De loin, j’aperçois sans son, les pas du silence,

Qui m’offrent sans gêne leur lenteur sans relance.

M’as tu trompé ou bien tu t’es trompée,

Sur cette scène que le vent a si vite pompé?

J’entends du ciel cette voix essentielle,

Qui emporte ma tristesse aux vents du ciel.

J’ai appris à prier juste pour ne pas te perdre,

Au milieu de ces richesses sombres sans cèdre.

Le ciel sombre s’accorde à la tristesse de mon cœur,

Bouillant de peine au loin sans rancœur.

L’amour plus fort que le silence me sourit,

Faisant tomber la douleur qui m’a nourri.

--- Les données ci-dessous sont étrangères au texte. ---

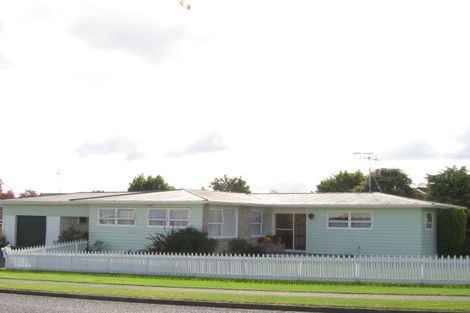 Photo of property in 63 Pohutukawa Drive, Tokoroa, 3420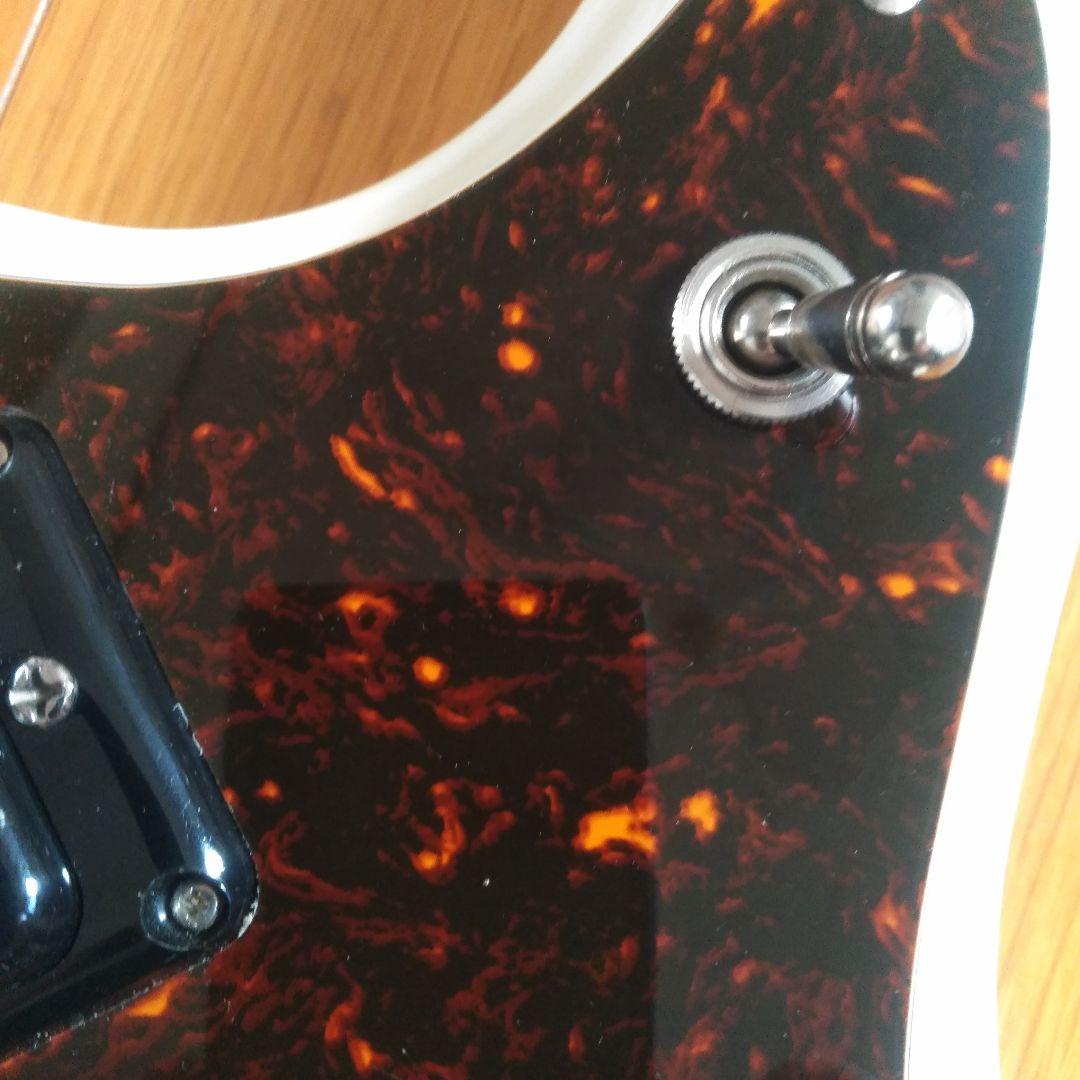 1965年エレキの若大将で登場したWhite Mosrite モズライト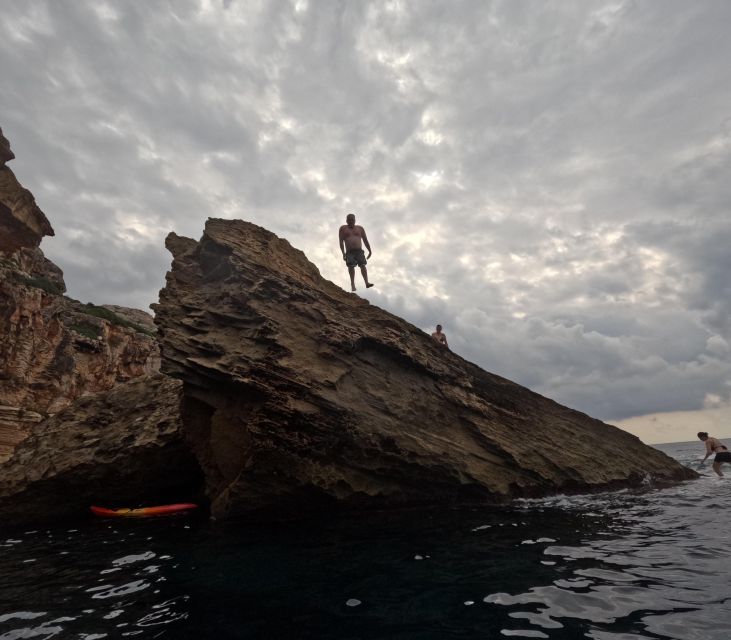 Menorca: Kayak Cave Route + Photo Session. - What to Expect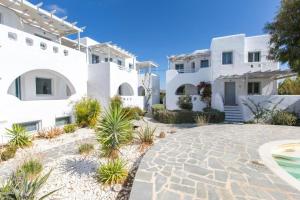 阿吉奥斯普罗科皮奥斯Magganari Home Stelida Naxos的一座带庭院和游泳池的大型白色建筑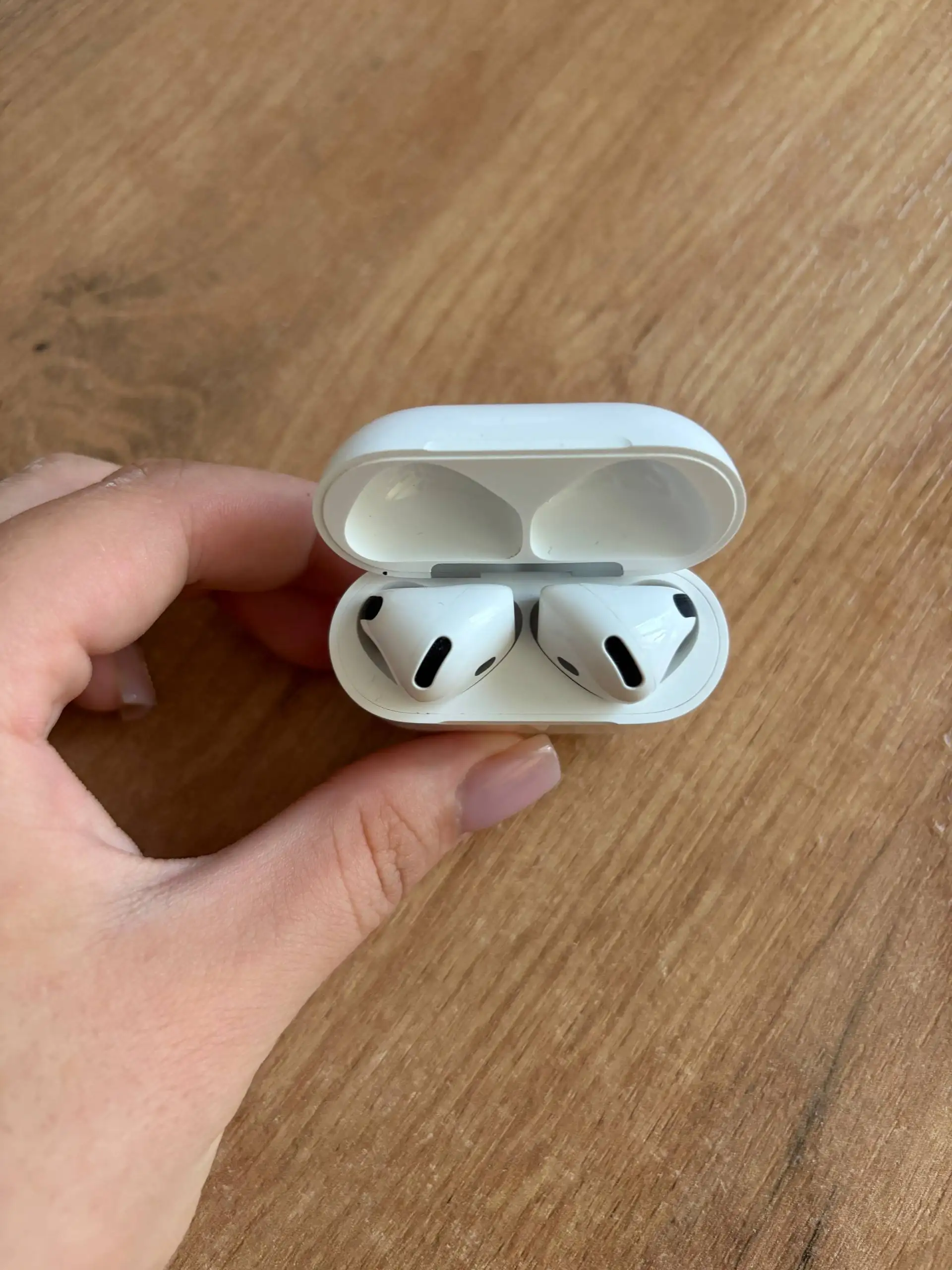 Продам оригинальные AirPods без шумоподавления - Наушники (Электроника) в Уфа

Loin de ce qui me crève, désormais je rêve,

Heureux d’assassiner la tristesse en trêve.

Mon bonheur explose au jour, tuant mes peines,

Au fond de cette prison dressée par la haine.

L’air caresse de nouveau ma peau de sa fraîcheur,

Tout près de cette richesse qui m’offre sa blancheur.

Le ciel retrouve sa clarté au visage de mon coeur,

Qui sans âge m’offre ses belles rides en chœur.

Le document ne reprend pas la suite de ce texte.